== Segment start ==

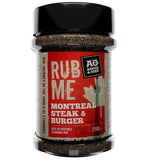 Montreal Steak and Burger Rub 250g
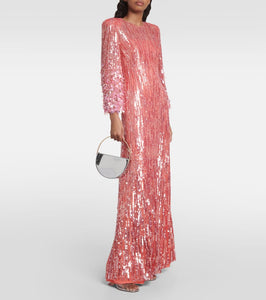 Jenny Packham Sequined gown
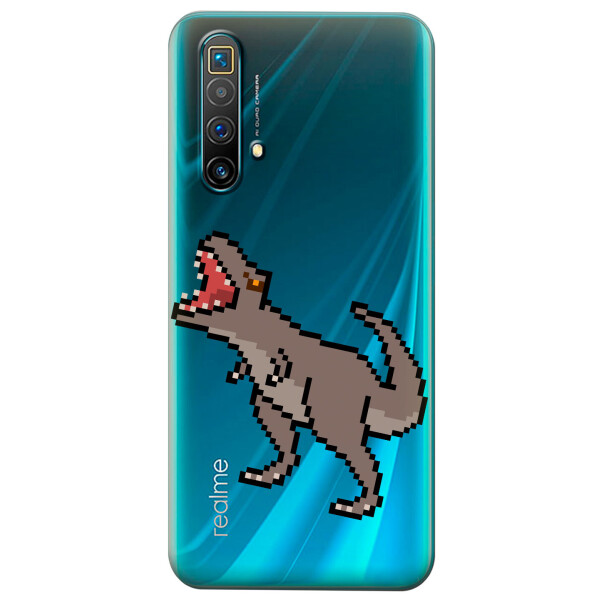 Прозрачный силиконовый чехол iSwag для Realme X3 SuperZoom с рисунком - Пикселький динозавр (KS4900)
Прозрачный силиконовый чехол iSwag для Realme X3 SuperZoom с рисунком - Пикселький динозавр (KS4900)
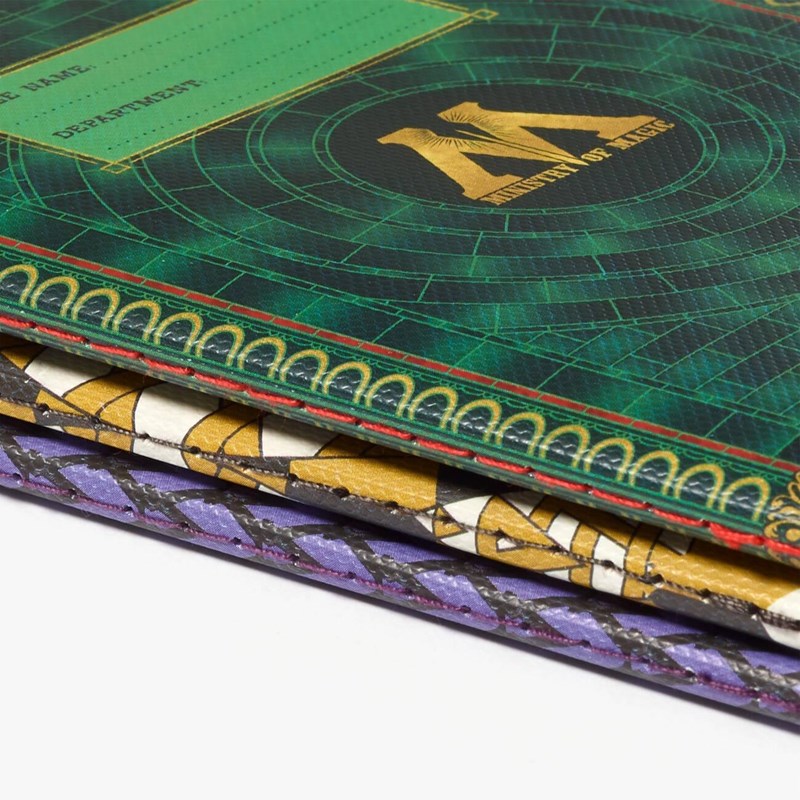 Set 3 carnets Ministère de la Magie MinaLima - Harry Potter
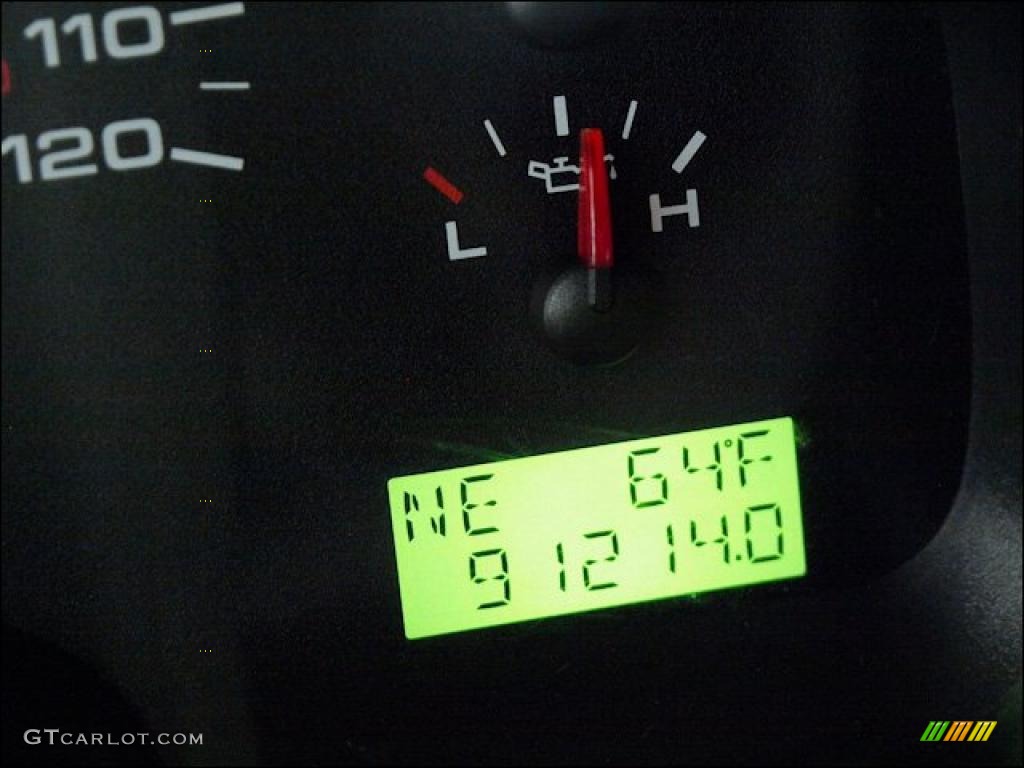 2005 F150 XLT SuperCab 4x4 - Black / Medium Flint Grey photo #22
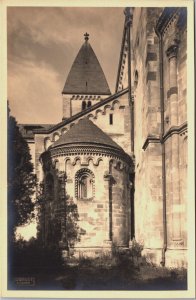 Hungary Jaki Templom Ják Vintage RPPC C096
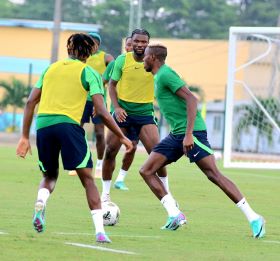 Finidi handed boost as Osimhen set to be fit for Super Eagles showdown against Bafana Bafana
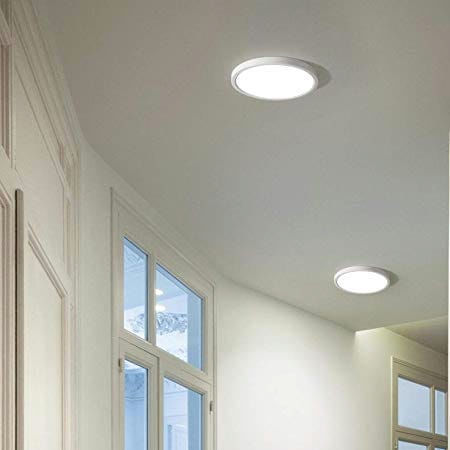 Thumbnail: Westinghouse Surface Mount Round LED Downlight 18W 6500K Daylight
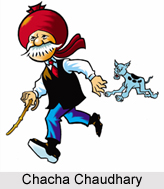 Chacha Chaudhary, Characters in Indian Comics Series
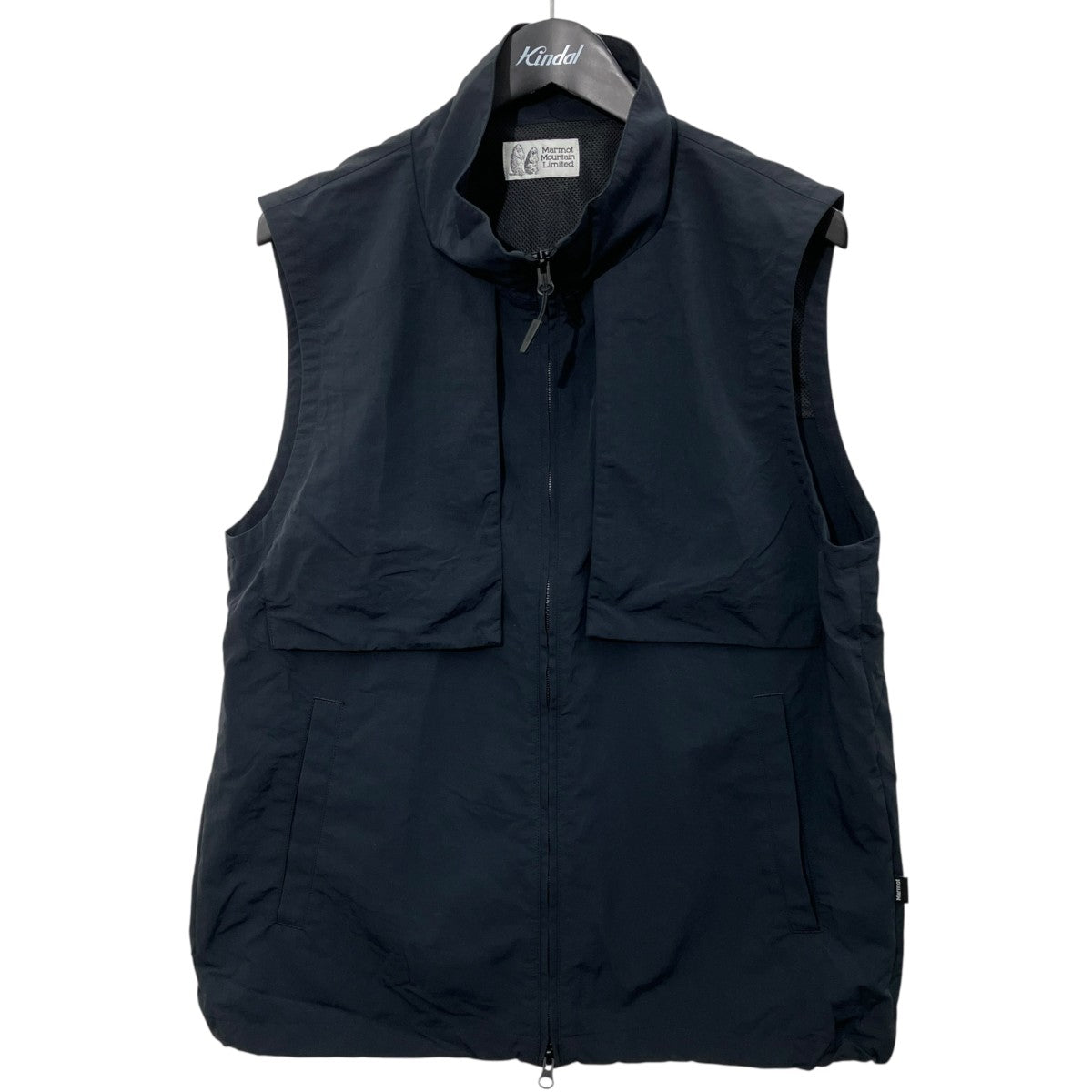 Marmot ナイロンベストMTSS25MVT312GR 古着・中古-1枚目のアイテム画像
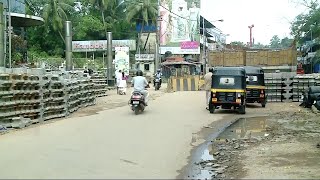 പാതിവഴിയിൽ ഗുരുവായൂർ മേൽപ്പാലം; നിർമ്മാണജോലി ആരംഭിച്ചപ്പോൾ അടച്ച പ്രധാന റോഡ് അടഞ്ഞുതന്നെ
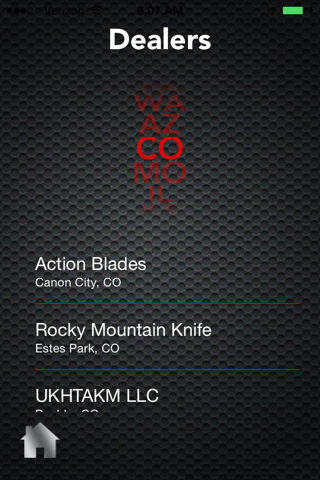 Microtech Knives screenshot 2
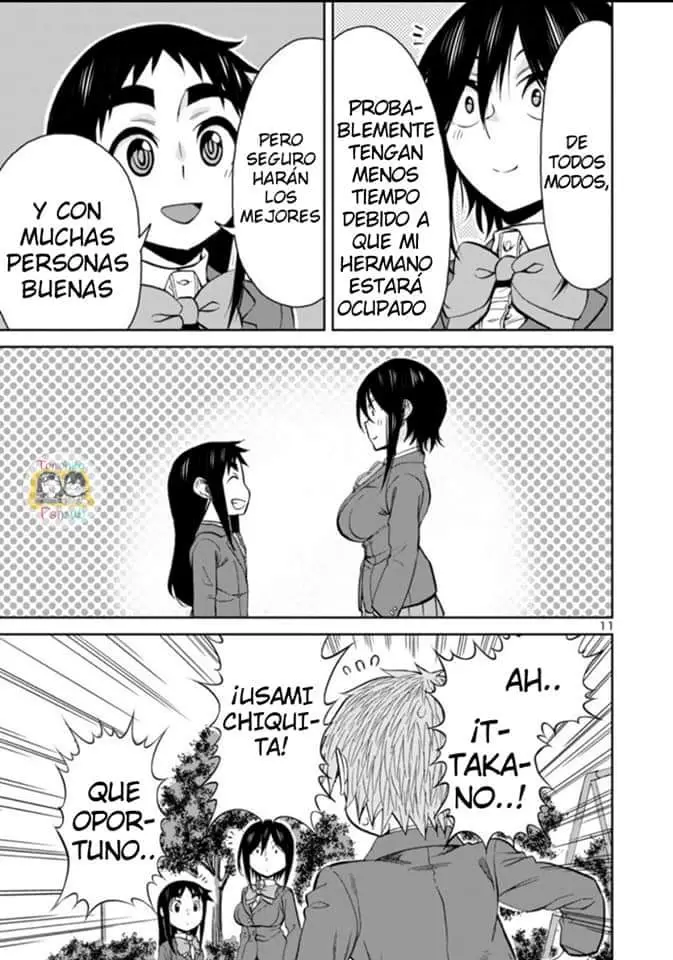 Hitomi-chan es Timida con los Extraños capítulo 93, página 12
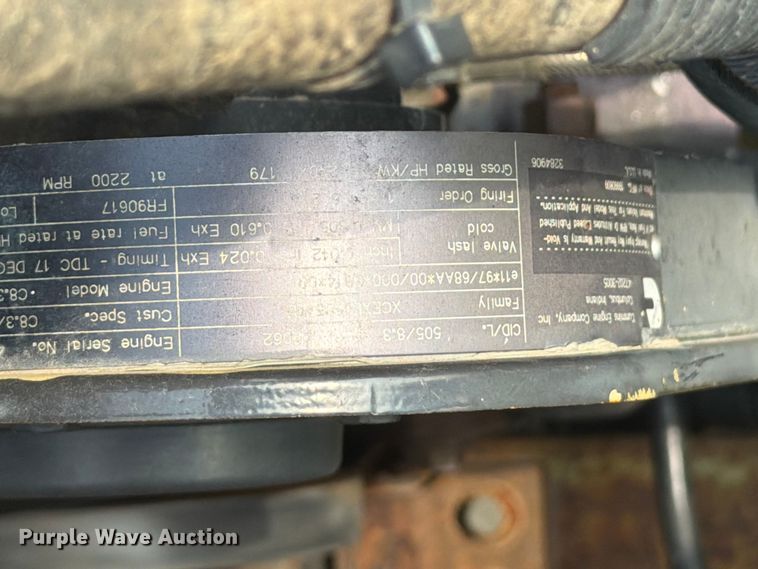 image for item OE9691 1990 Terex 2566 articulated haul truck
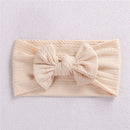 BalleenShiny Fashion Florals Headband Newborn Baby Elastic Princess Hairbands Child Kids Pearl Fresh Style Cute Headwear Gifts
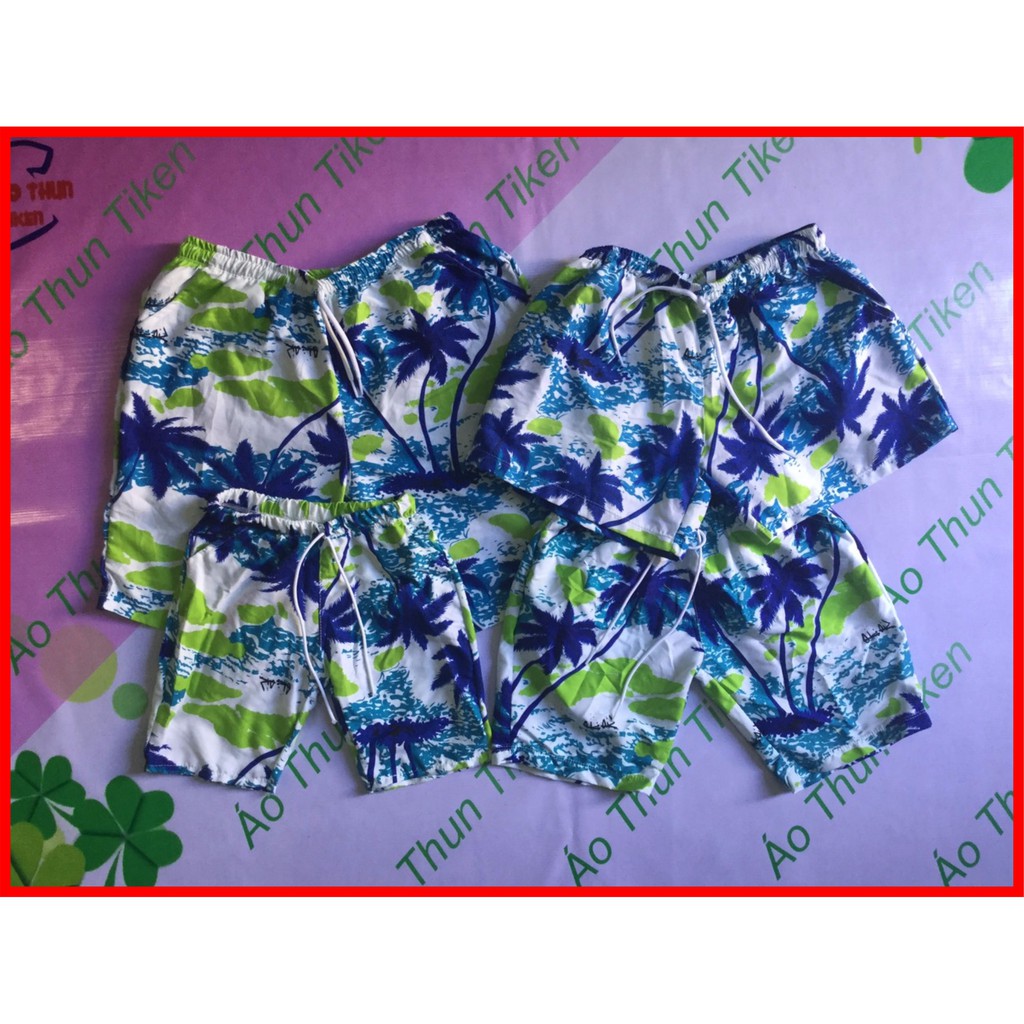 [Rẻ Vô Địch] Quần đi biển hót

== Segment end ==

What you need to do: Write out all the records exactly, omitting the images.

Your solution:
 Montreal Steak and Burger Rub 250g
 Jenny Packham Sequined gown
 Прозрачный силиконовый чехол iSwag для Realme X3 SuperZoom с рисунком - Пикселький динозавр (KS4900)
Прозрачный силиконовый чехол iSwag для Realme X3 SuperZoom с рисунком - Пикселький динозавр (KS4900)
 Set 3 carnets Ministère de la Magie MinaLima - Harry Potter
 2005 F150 XLT SuperCab 4x4 - Black / Medium Flint Grey photo #22
 Hungary Jaki Templom Ják Vintage RPPC C096
 Finidi handed boost as Osimhen set to be fit for Super Eagles showdown against Bafana Bafana
 Thumbnail: Westinghouse Surface Mount Round LED Downlight 18W 6500K Daylight
 Chacha Chaudhary, Characters in Indian Comics Series
 Marmot ナイロンベストMTSS25MVT312GR 古着・中古-1枚目のアイテム画像
 പാതിവഴിയിൽ ഗുരുവായൂർ മേൽപ്പാലം; നിർമ്മാണജോലി ആരംഭിച്ചപ്പോൾ അടച്ച പ്രധാന റോഡ് അടഞ്ഞുതന്നെ
 Microtech Knives screenshot 2
 Hitomi-chan es Timida con los Extraños capítulo 93, página 12
 image for item OE9691 1990 Terex 2566 articulated haul truck
 BalleenShiny Fashion Florals Headband Newborn Baby Elastic Princess Hairbands Child Kids Pearl Fresh Style Cute Headwear Gifts
 [Rẻ Vô Địch] Quần đi biển hót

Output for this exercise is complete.